From the viewpoint of excellent reinforcement and viscoelasticity, the surface-treated clay is preferably a surface-treated clay having a functional group capable of reacting with a rubber component, and more preferably a mercapto surface-treated clay. The mercapto surface-treated clay is a surface-treated clay having a mercapto group.

The surface-treated clay is not particularly limited with respect to its production method. The clay used in producing the surface-treated clay is not particularly limited, and examples thereof include kaolin clay. Examples of the surface treatment agent used when producing the surface-treated clay include an organic compound having a reactive group capable of reacting with the clay and a functional group capable of reacting with the rubber component. Examples of functional groups capable of reacting with the rubber component include amino groups and mercapto groups. Specific examples of the surface treatment agent include, for example, alkoxysilyl groups (wherein _{n in the} formula —SiOR _n is an integer of 1 to 3, and other groups bonded to silicon atoms when n = 1 or 2 are not particularly limited). For example, an alkyl group may be mentioned).
For example, when producing a surface-treated clay using a mercaptosilane having an alkoxysilyl group as a surface treating agent, the mercapto group is imparted to the clay surface by the reaction of the alkoxysilyl group of mercaptosilane with the clay.
And the pendant (for example, functional group like a mercapto group) which surface treatment clay has carries out a crosslinking reaction with rubber | gum can form a chemical bond, and can express reinforcement property to a conveyor belt.

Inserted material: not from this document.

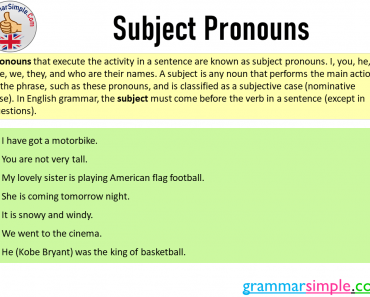 What is the Subject Pronouns? Definition and Subject Pronouns Example Sentences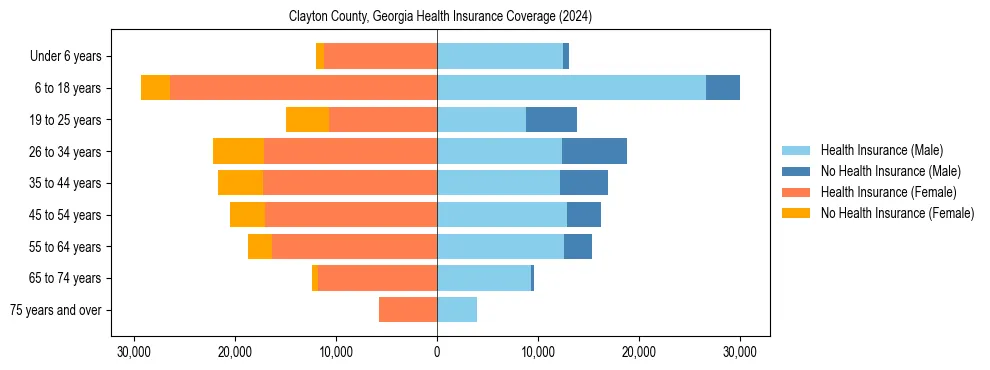Health insurance pyramid for Clayton County, Georgia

  In the composition of the present invention, the total content of the carbon black and the surface-treated clay is 10 to 30 parts by mass with respect to 100 parts by mass of the rubber component (A). If it is this range, basic physical properties, such as breaking strength of a rubber composition, tear strength, and abrasion resistance, can be improved. The content is preferably 15 to 28 parts by mass, and particularly preferably 20 to 25 parts by mass in that these physical properties can be improved and the power consumption can be further reduced. If the content is too low, the rolling processability is inferior and the tensile strength tends to decrease. If the content is too high, tan δ described later tends to increase and ΔH and ΔH (index) also tend to increase. In addition, the viscosity of the composition is increased, the Mooney scorch is shortened, burns may occur, and rolling may not be possible.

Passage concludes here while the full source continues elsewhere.